═════ Records for the exercise
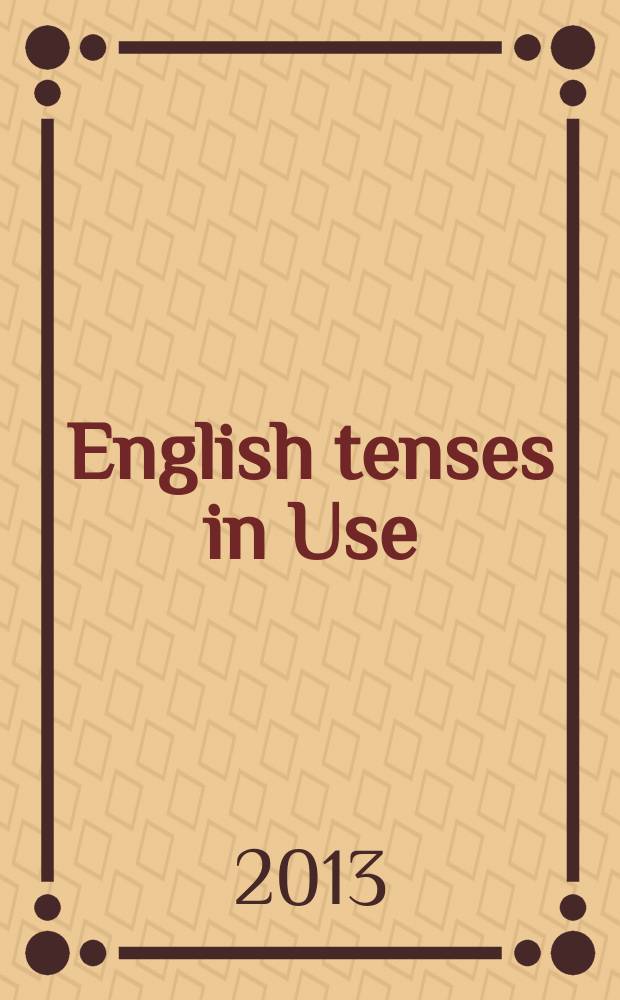English tenses in Use : учебное пособие по грамматике английского языка : для студентов 1-2 курсов дневного и заочного отделений неязыковых вузов : в 2 ч.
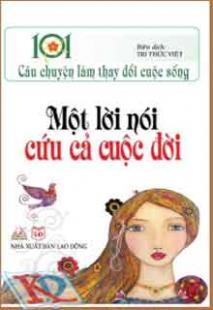 Một Lời Nói Cứu Cả Cuộc Đời-101 Câu Chuyện Làm Thay Đổi Cuộc Sống ...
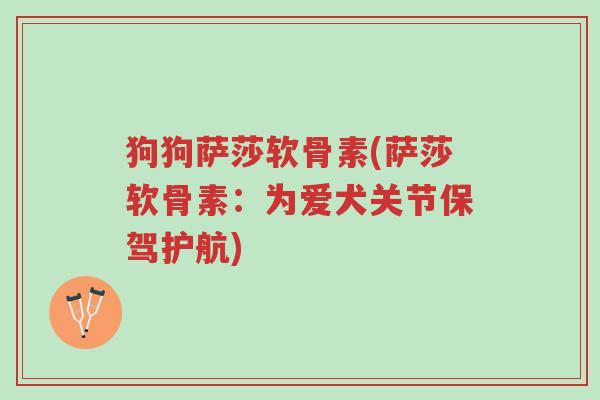 狗狗萨莎软骨素(萨莎软骨素:为爱犬关节保驾护航)-第1张图片-超越 狗狗萨莎软骨素(萨莎软骨素:为爱犬关节保驾护航)-第1张图片-超越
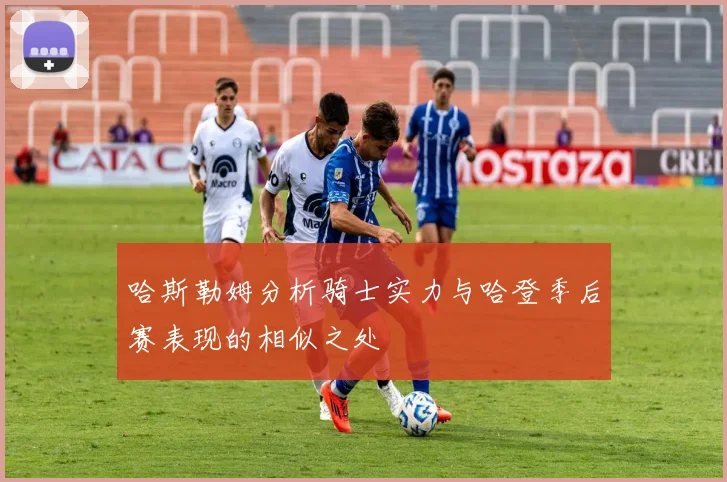 哈斯勒姆分析骑士实力与哈登季后赛表现的相似之处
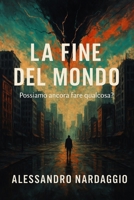 La fine del mondo: Possiamo ancora fare qualcosa ? (Italian Edition) B0F9FPRQS6 Book Cover
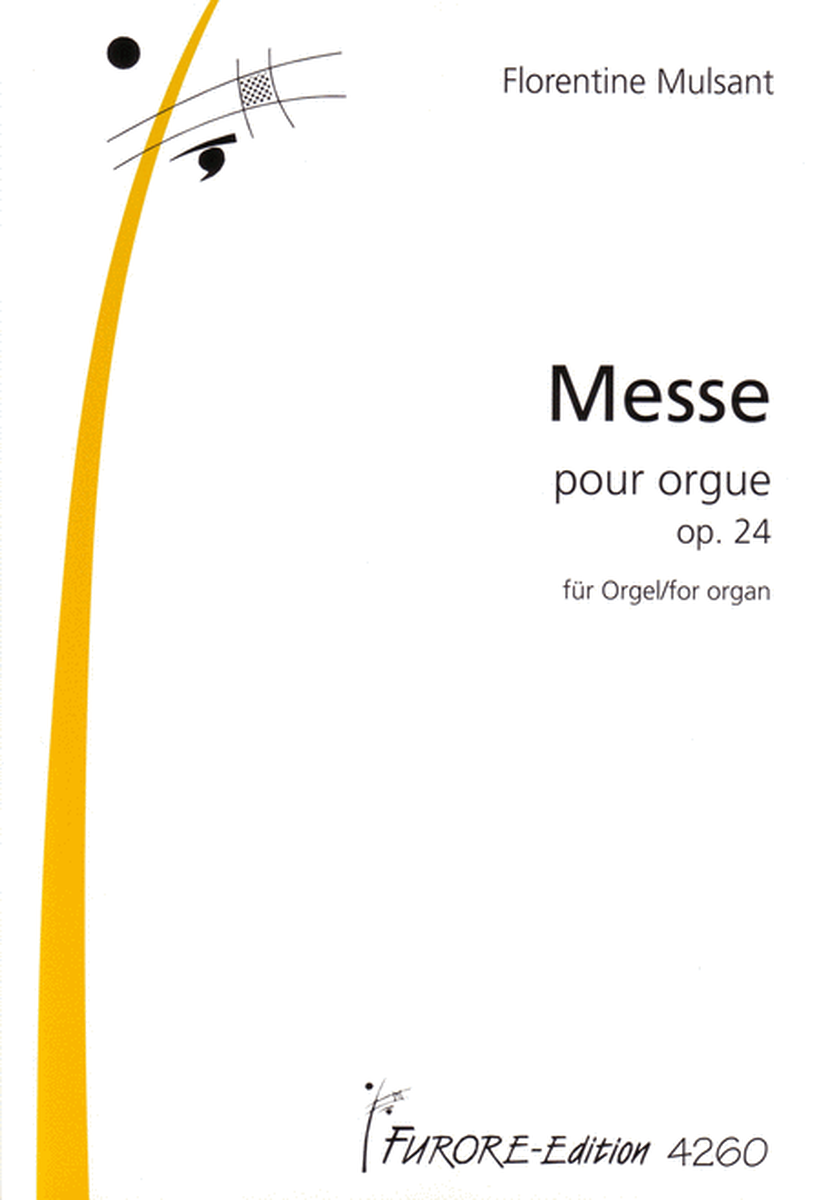 Messe pour orgue op. 24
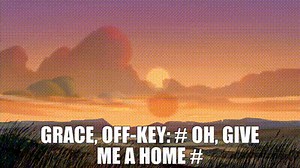 GRACE, OFF-KEY: # Oh, give me a home #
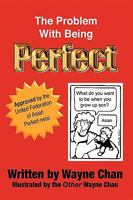 The Problem with Being Perfect 144909354X Book Cover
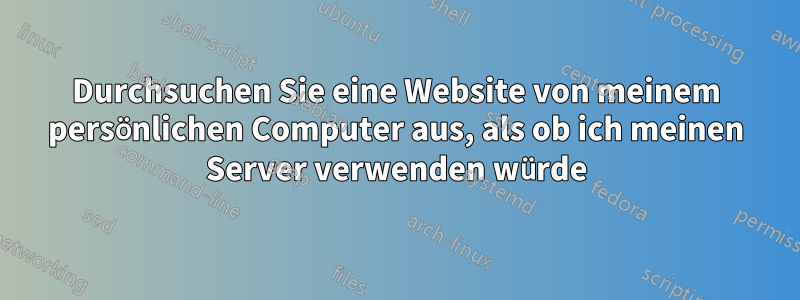 Durchsuchen Sie eine Website von meinem persönlichen Computer aus, als ob ich meinen Server verwenden würde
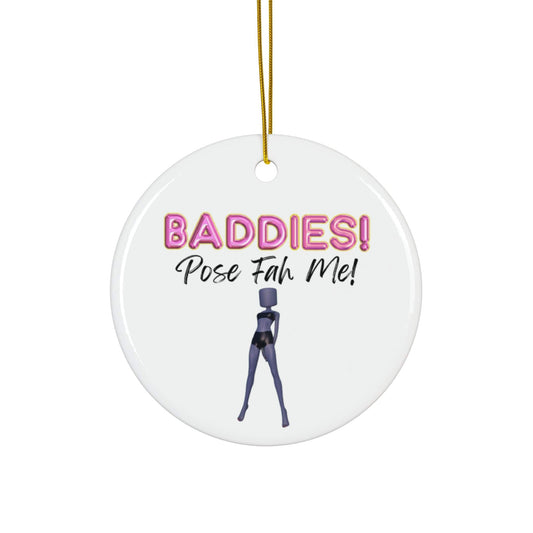 Printify Home Decor Circle / One Size BADDIES Pose Fah Me DTI Dress to Impress Roblox Fashion Game Ceramic Christmas Holiday Ornament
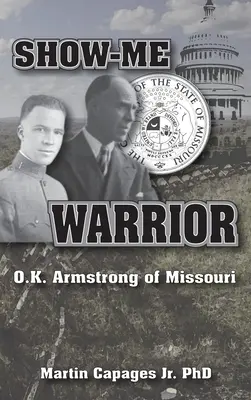 Show-Me-Krieger: O. K. Armstrong aus Missouri - Show-Me Warrior: O. K. Armstrong of Missouri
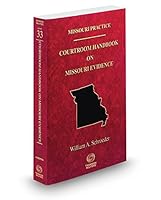 Courtroom Handbook on Missouri Evidence, 2015 ed. (Vol. 33, Missouri Practice Series) 031463830X Book Cover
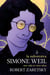La subversiva Simone Weil - Una vida de cinco ideas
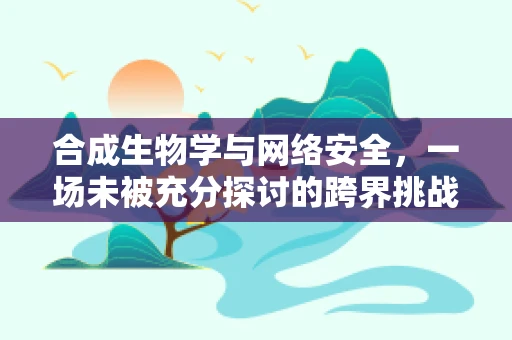 合成生物学与网络安全，一场未被充分探讨的跨界挑战？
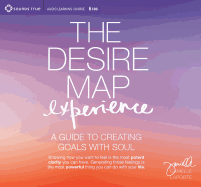 Desire Map Experience: A Guide to Creating Goals with Soul
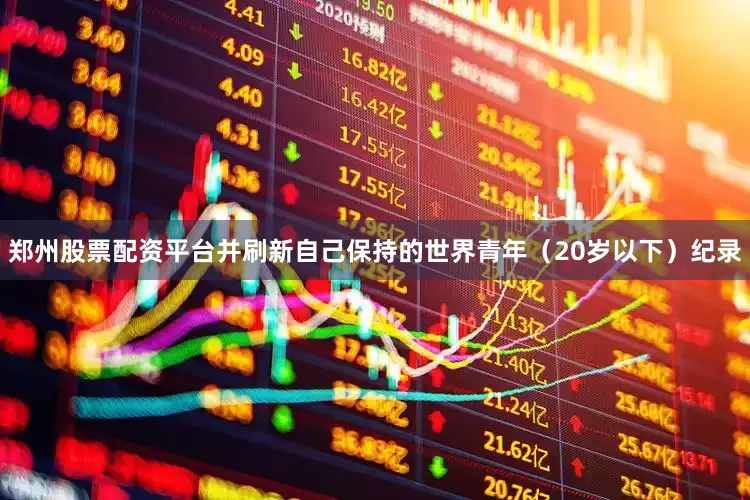 郑州股票配资平台并刷新自己保持的世界青年（20岁以下）纪录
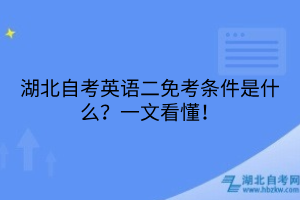 湖北自考英语二免考条件是什么？一文看懂！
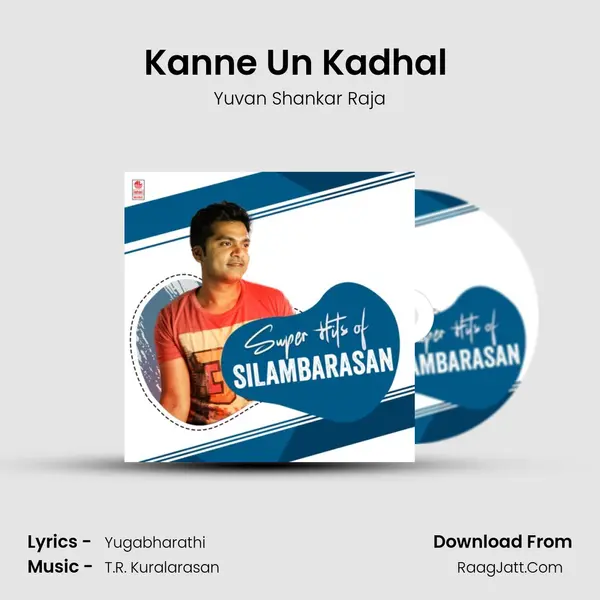 Kanne Un Kadhal (From Idhu Namma Aalu) mp3 song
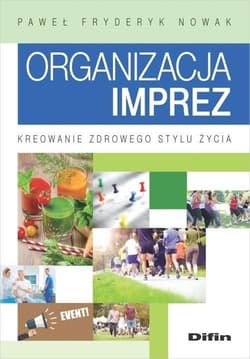 Organizacja imprez Kreowanie zdrowego stylu życia - Nowak Paweł Fryderyk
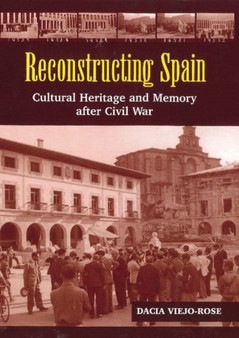 Reconstructing Spain : Cultural Heritage & Memory After Civil War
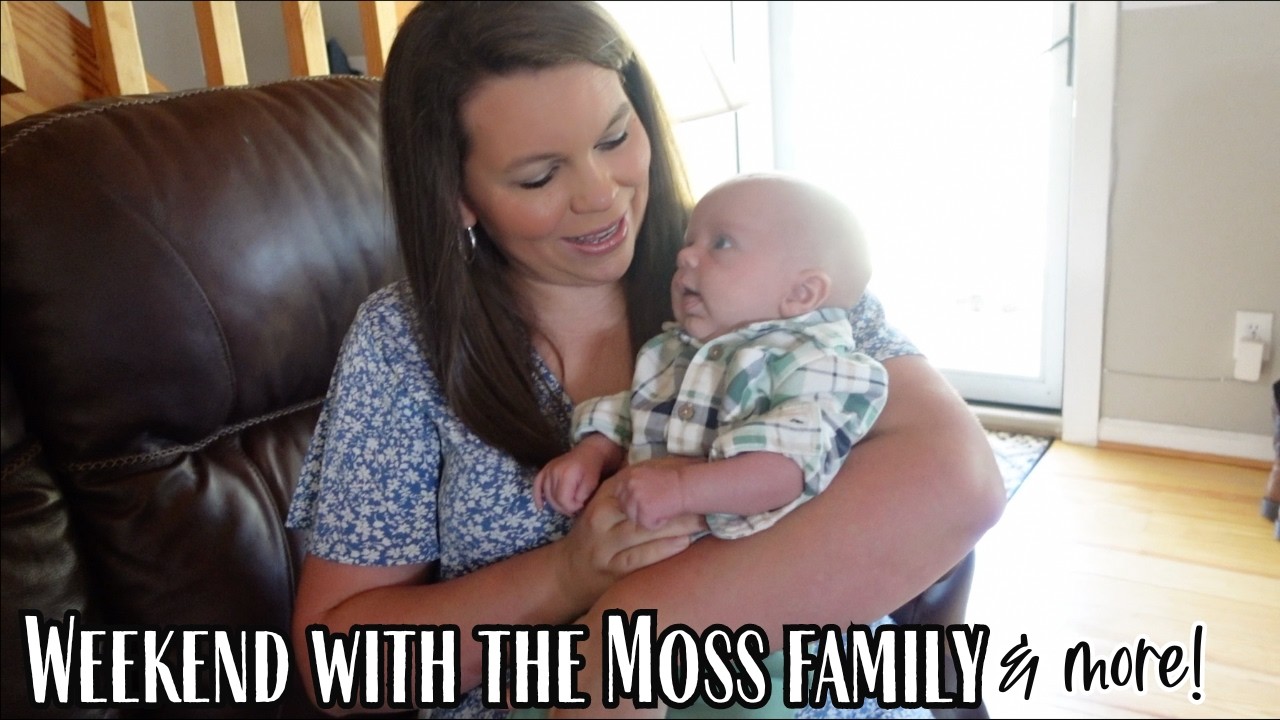 Weekend with the Moss family and more!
══════════
Beginning with the line containing "Một Lời Nói" and ending with the last line of the data, output those lines exactly and nothing more. Omit every picture.

 Một Lời Nói Cứu Cả Cuộc Đời-101 Câu Chuyện Làm Thay Đổi Cuộc Sống ...
 狗狗萨莎软骨素(萨莎软骨素:为爱犬关节保驾护航)-第1张图片-超越 狗狗萨莎软骨素(萨莎软骨素:为爱犬关节保驾护航)-第1张图片-超越
 哈斯勒姆分析骑士实力与哈登季后赛表现的相似之处
 La fine del mondo: Possiamo ancora fare qualcosa ? (Italian Edition) B0F9FPRQS6 Book Cover
 Messe pour orgue op. 24
 GRACE, OFF-KEY: # Oh, give me a home #
 The Problem with Being Perfect 144909354X Book Cover
 Durchsuchen Sie eine Website von meinem persönlichen Computer aus, als ob ich meinen Server verwenden würde
 Printify Home Decor Circle / One Size BADDIES Pose Fah Me DTI Dress to Impress Roblox Fashion Game Ceramic Christmas Holiday Ornament
 Show-Me-Krieger: O. K. Armstrong aus Missouri - Show-Me Warrior: O. K. Armstrong of Missouri
 Courtroom Handbook on Missouri Evidence, 2015 ed. (Vol. 33, Missouri Practice Series) 031463830X Book Cover
La subversiva Simone Weil - Una vida de cinco ideas
 合成生物学与网络安全，一场未被充分探讨的跨界挑战？
 Desire Map Experience: A Guide to Creating Goals with Soul
 郑州股票配资平台并刷新自己保持的世界青年（20岁以下）纪录
 湖北自考英语二免考条件是什么？一文看懂！
 Kanne Un Kadhal (From Idhu Namma Aalu) mp3 song
 Organizacja imprez Kreowanie zdrowego stylu życia - Nowak Paweł Fryderyk
 Reconstructing Spain : Cultural Heritage & Memory After Civil War
 Weekend with the Moss family and more!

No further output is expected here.